In-state electricity generation
$5.65/short ton CO₂ (March 2020)
- 2005 Initial Program Design: 188 to 169 million short tons CO₂e, 2009-2018 (10% reduction)
- 2012 Program Review: 91 to 77 million short tons CO₂e, 2014-2020 (15% reduction)
- 2017 Program Review: 75 to 53 million short tons CO₂e, 2021-2030 (30% reduction)
The Regional Greenhouse Gas Initiative is the longest-operating cap-and-trade program for greenhouse gases in the United States, reaching full implementation in 2009. Since implementation, the emissions cap has been adjusted downward multiple times, with 2020 cap levels constituting one-third of the cap level in 2009. As of 2018, emissions from RGGI power plants were 47% lower than 2008 levels, although a majority of these reductions have been attributed to factors other than RGGI.

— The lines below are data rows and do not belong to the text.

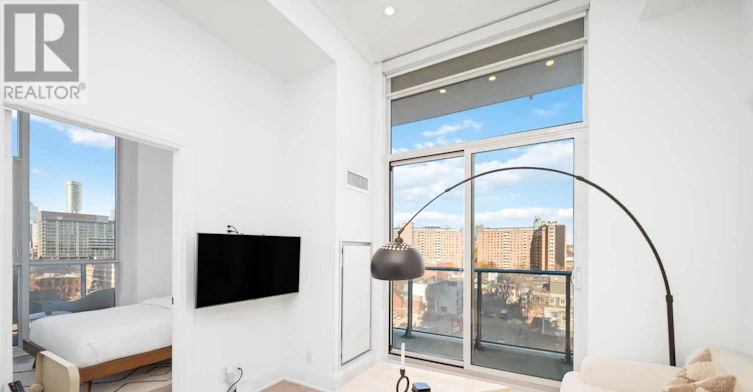 902-120 Parliament Street, Toronto, ON, M5A 2Y8 - 12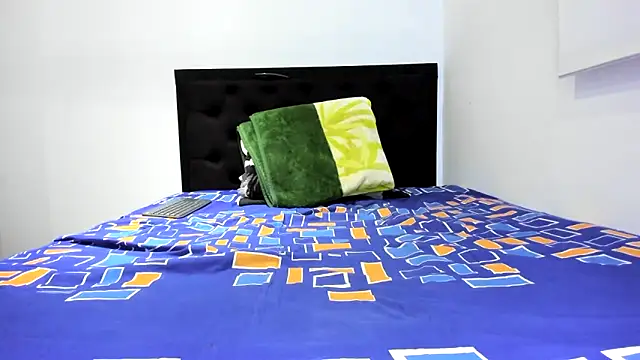 Snapshot of latin_bbc chatting on 03.03.25 latin bbc online show from 03.03.25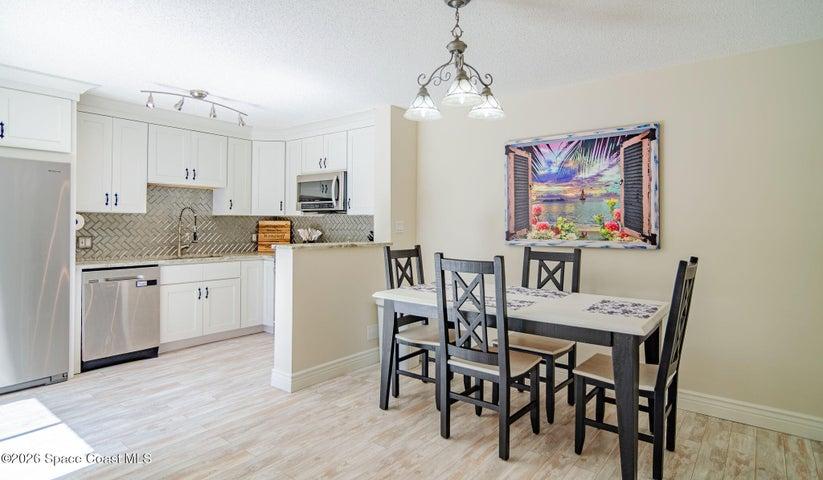 1717 Patty Circle NE, Palm Bay, FL, 32905 photo 4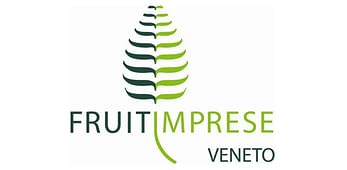 Fruit Imprese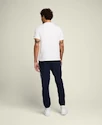 Pantaloni da uomo Wilson  M Team Pant Classic Navy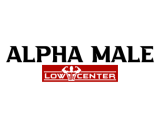 https://www.logocontest.com/public/logoimage/1655251559Alpha Male  Low T Center 005.png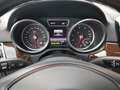 Mercedes-Benz GLE 500 e 4MATIC AMG Sport Edition HYBRIDE  FULL OPTION PA Grijs - thumbnail 16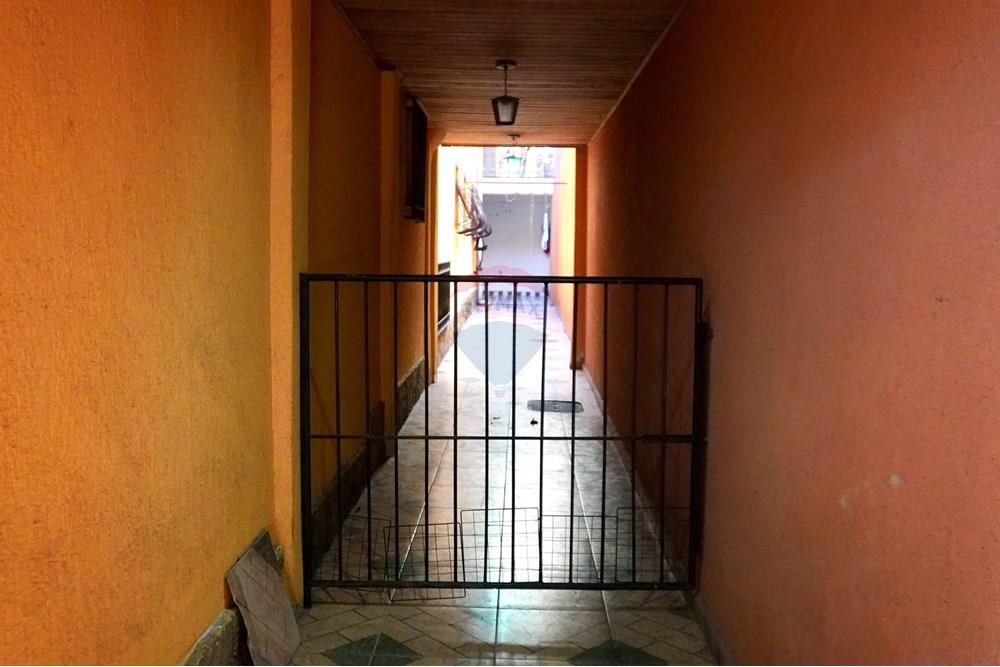 Casa - Venda - Rio de Janeiro , Rio de Janeiro - DSC00629.jpeg - Quintal - 680311040-27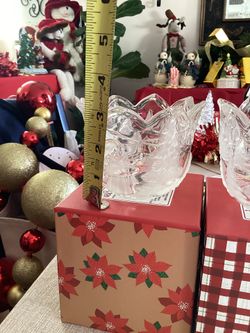 Eloise The Ultimate Edition By Hilary Knight Kay Thompson (hardcover)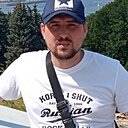 Знакомства: Дима, 37 лет, Новополоцк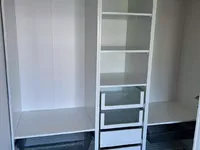 Недвижимость Villa Pointe Croisette: 10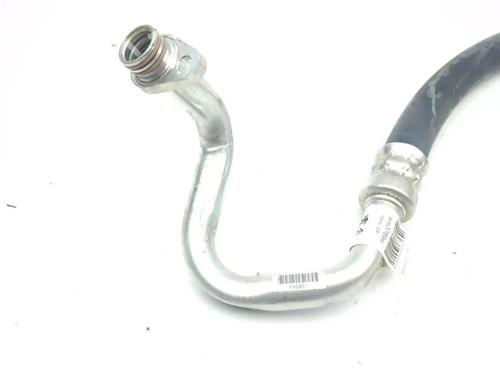 AC pipe CITROËN C5 II Break (RE_) 1.8 16V (RE6FYB) | BP36200529M126 - Image 7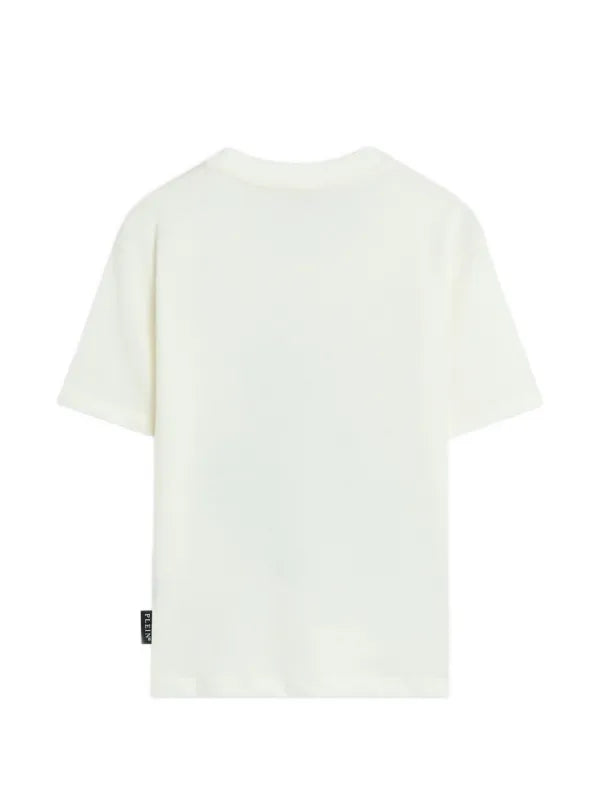 T-Shirt Philipp Plein Unisex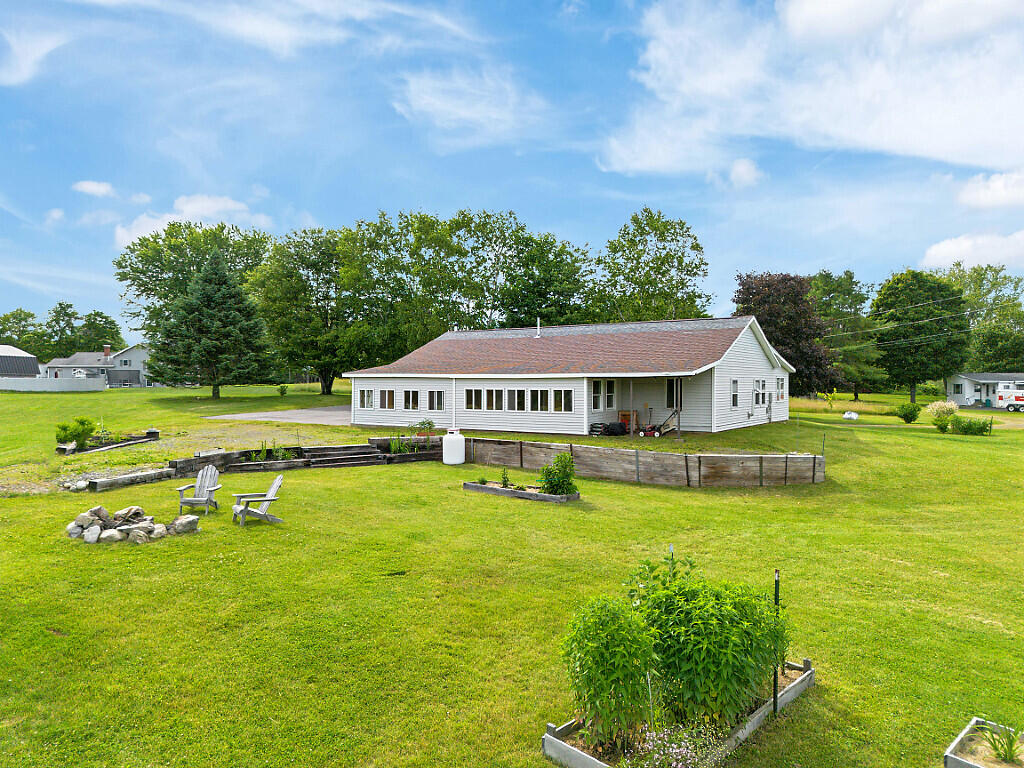 825 West River Road Augusta, ME 04330 - Photo 3 of 64 12_DJI_0341_DxO_mls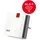 AVM FRITZ!Repeater 1700 20003116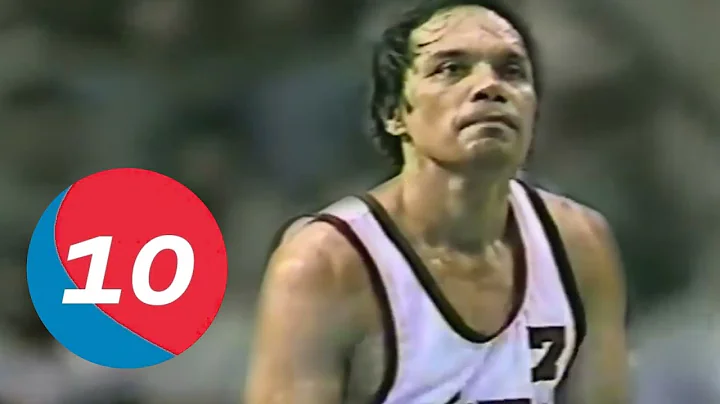 Robert Jaworski Photo 40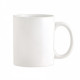 Tazon Mug Porcelana Snow 33 Cl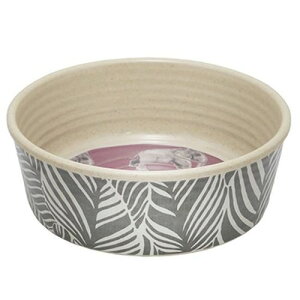 オーガスタボウル エレファント Tar Hong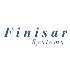 Finisar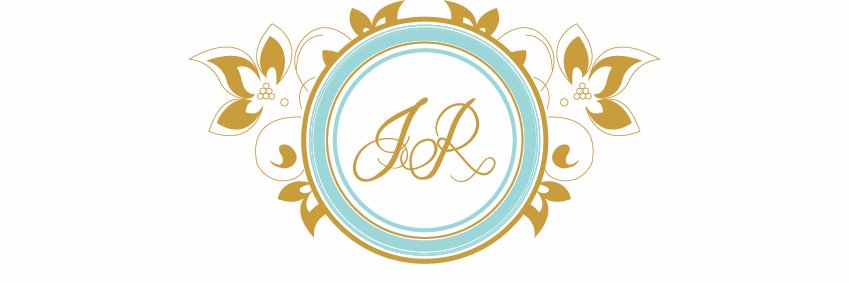 JennRapPhoto's profile banner image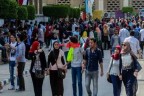 حقيقة قرار منع الاختلاط في الجامعات بداية من العام المقبل 2023 .. مصدر بالتعليم العالي يرد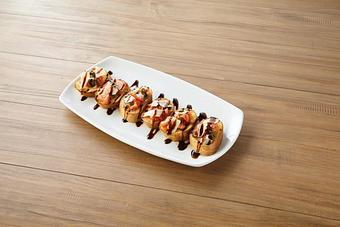 Product - Johnny's New York Style Pizza in Suwanee, GA Pizza Restaurant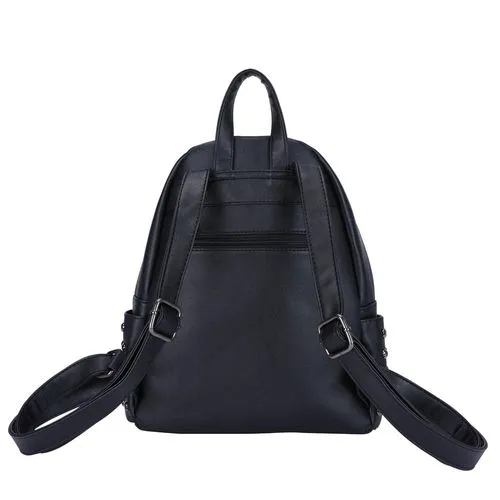 Grizzly Рюкзак DW-924 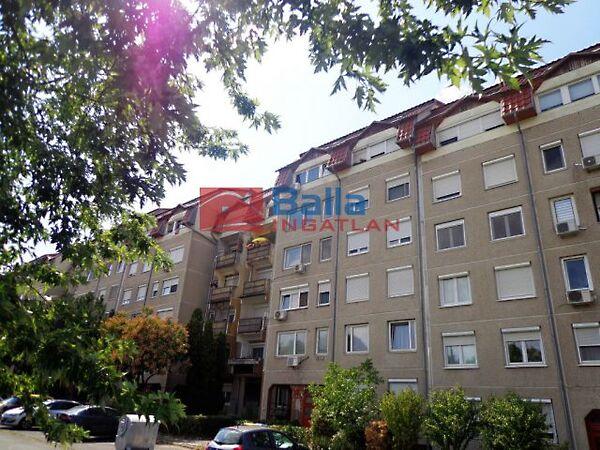 Újlak, Budapest, XVII. kerület képe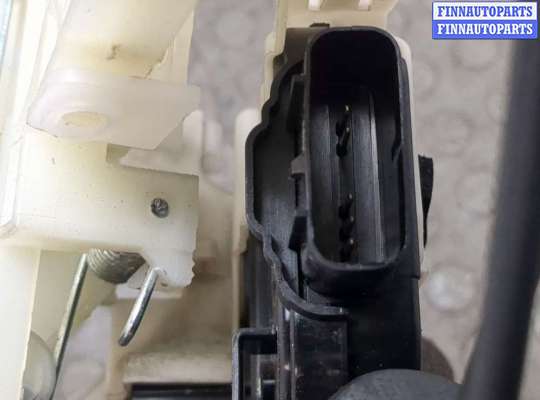 купить Замок двери на KIA Optima 4 2012-2020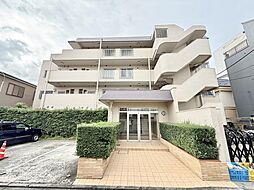 物件画像 上北沢ヒミコマンション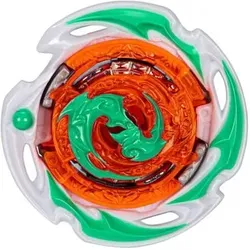 HASBRO F7778EU60 Beyblade Twister Pandora Evasive P8 Burst DB QuadStrike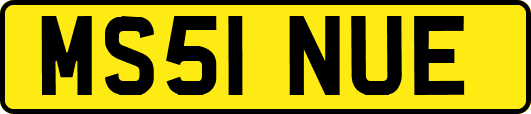 MS51NUE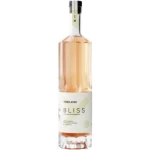 Yobo Kish Bliss Sour Cherry Peppercorn Licorice 375ml
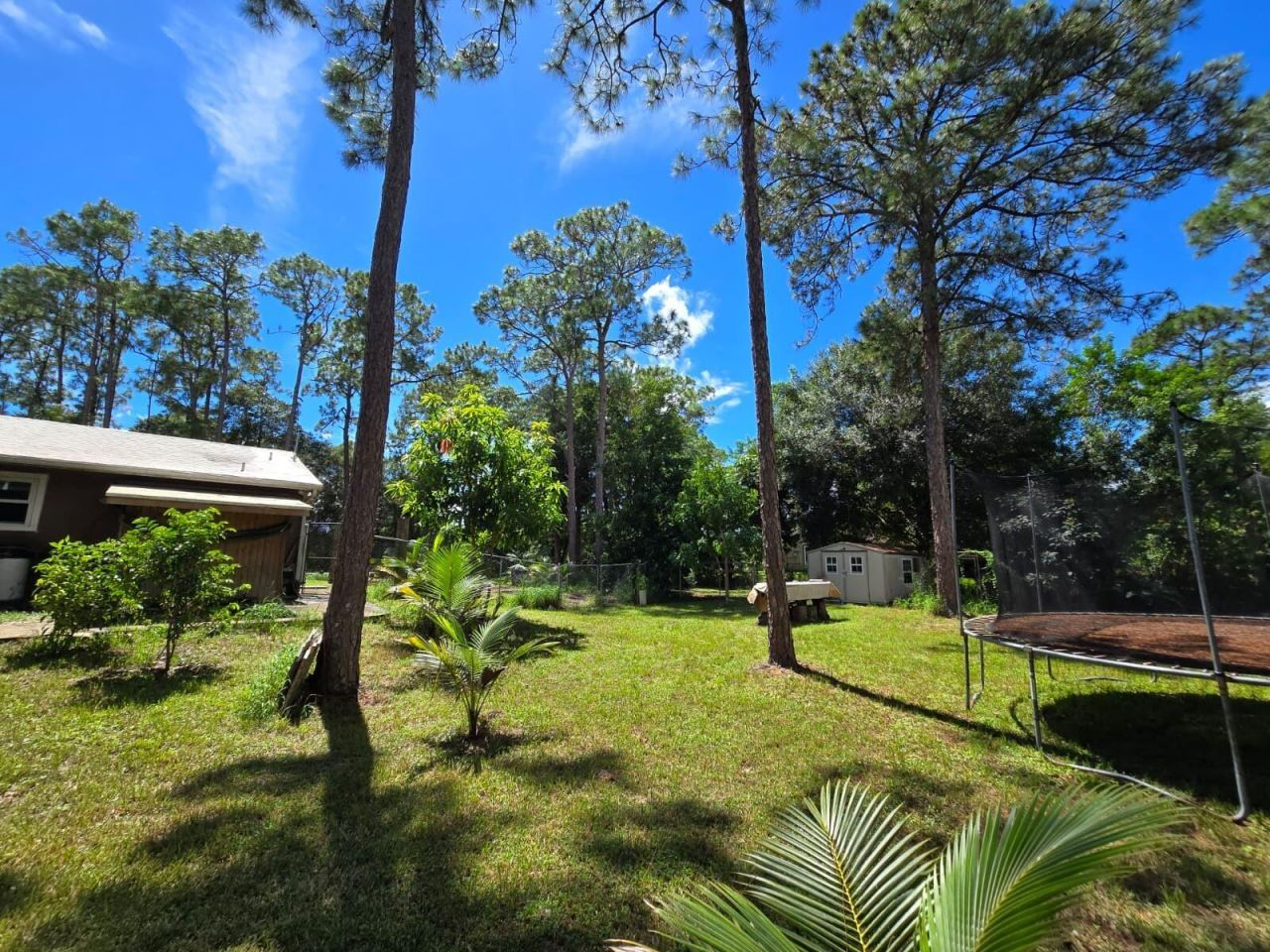 13835 41st Lane N, West Palm Beach, FL 33411 Photo
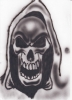 hunterdf01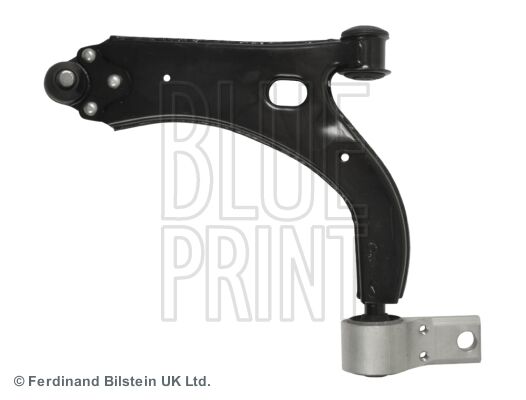 SALINCAK KOMPLE SOL FİESTA -FUSİON 02> | OEM:2N113051AF-2S613051AJ-2S613051DA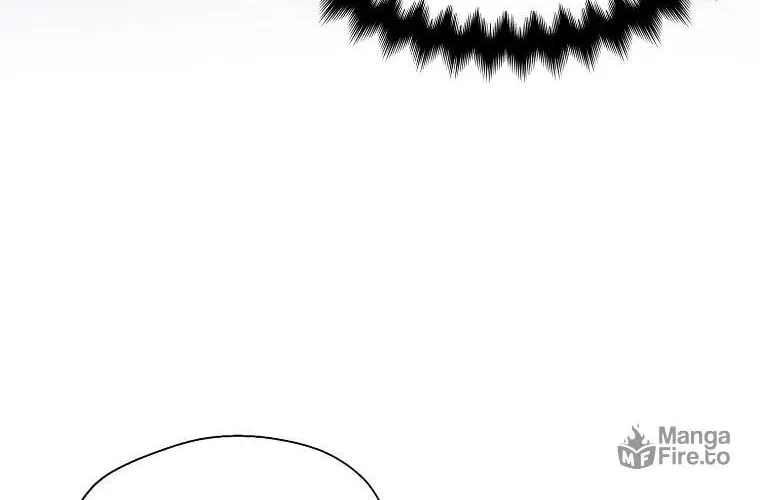 Your Majesty, Please Spare Me This Time Chapter 68 page 18 - 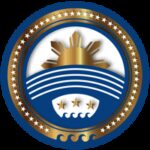 Noah Coin币行情走势图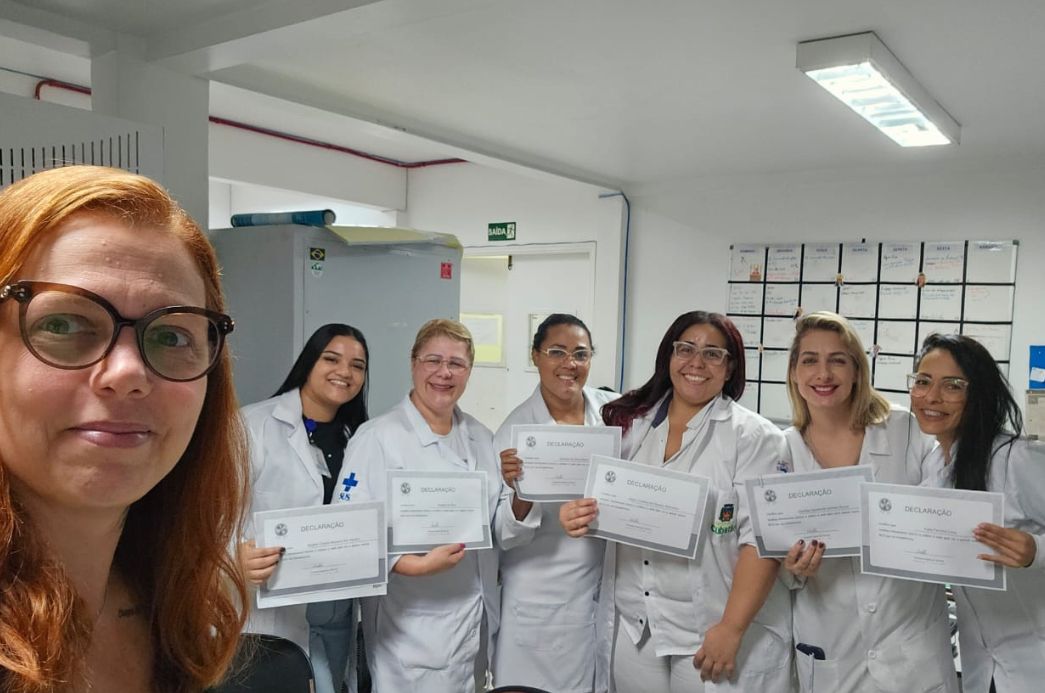 Cópia de FOTO EM DESTAQUE (60)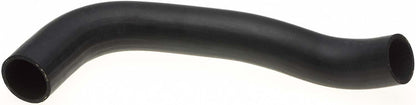 Gates Radiator Coolant Hose 23076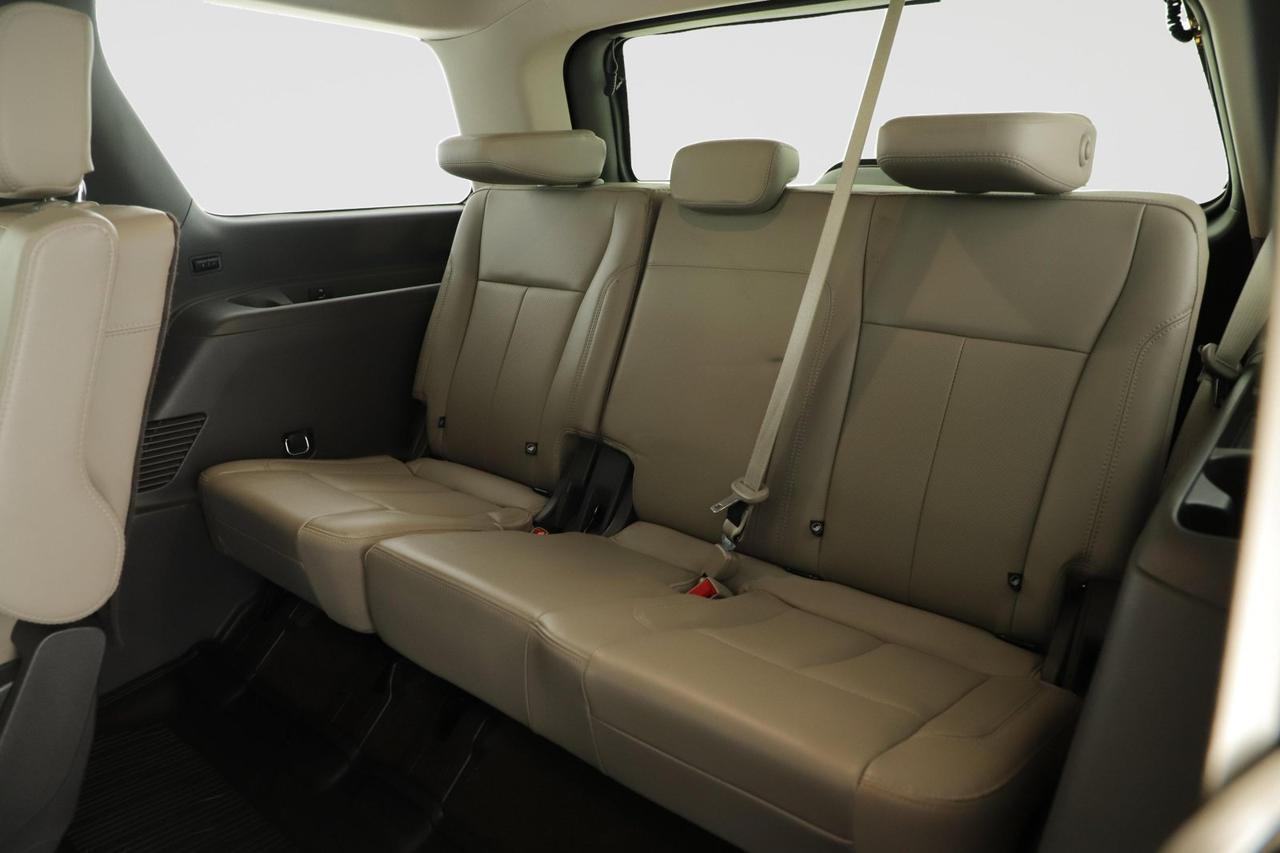 2021 Ford Expedition XLT New Braunfels TX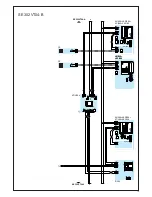 Preview for 19 page of Bpt HET/301-304 VR Installation Instructions Manual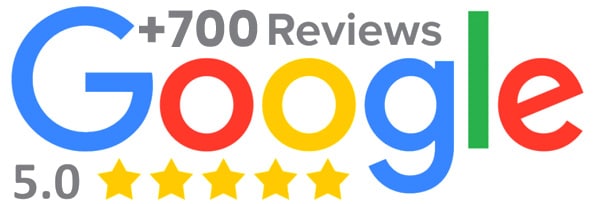 Google Review
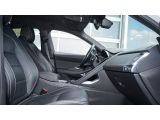 Jaguar E-Pace bei Sportwagen.expert - Abbildung (7 / 15)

To date, RGGI auctions have sold nearly all allowances at government auction for between $1.86 and $7.50 per short ton of CO₂, for a total of $3.5 billion in revenue that states have largely invested in energy efficiency and renewable energy programs. Studies find that each control period of RGGI (2009–2011, 2012–2014, 2015–2017) has added between $1.3 and $1.6 billion in economic benefits to the region from reduced energy costs. In addition, the program has generated almost $6 billion in net co-benefits from reducing co-pollutants, leading to improved public health and productivity.
In 2017, RGGI states agreed to extend the program through 2030, with a cap that decreases 30% between 2021 and 2030. Price containment mechanisms are designed to keep allowance prices between $6 and $13 per short ton of CO₂ beginning in 2021, increasing 7% each year after. Periodic reviews are scheduled to assess oversupply of allowances in the program, which could lead to further cap adjustments in the coming decade.
The Regional Greenhouse Gas Initiative (RGGI) was the first mandatory cap-and-trade program in the U.S., intended to reduce emissions in the electricity sector. In the absence of federal regulations, former New York Governor George Pataki issued a call to other governors in the region to design a mandatory program to limit emissions from the electric sector in 2003. On December 20th, 2005, the governors of Connecticut, Delaware, Maine, New Hampshire, New Jersey, New York, and Vermont announced an agreement to implement RGGI, outlined in a Memorandum of Understanding (MOU). In 2007, Maryland, Massachusetts, and Rhode Island joined the initiative by signing the MOU.
The program was designed so that individual states needed to enact legislation or regulations based on the RGGI model rule, released in 2006, to establish individual CO2 Budget Trading Programs. These programs limit carbon dioxide emissions, issue allowances, and establish participation in regional auctions for allowances. The first multi-state auctions occurred in September and December of 2008, and the first compliance period began on January 1, 2009. The original cap was set to approximately 188 million short tons of carbon dioxide for the entire region and was designed to decline by 2.5% annually between 2015 and 2018 — aiming to achieve a 10% reduction in emissions from power plants by 2019. The states had originally planned to give away the allowances to generators, who could then trade them, following the European Union’s Emissions Trading System (EU ETS). But advocacy by a coalition of environmental groups convinced the states that selling the allowances and using the funds for clean energy and other state programs made more sense.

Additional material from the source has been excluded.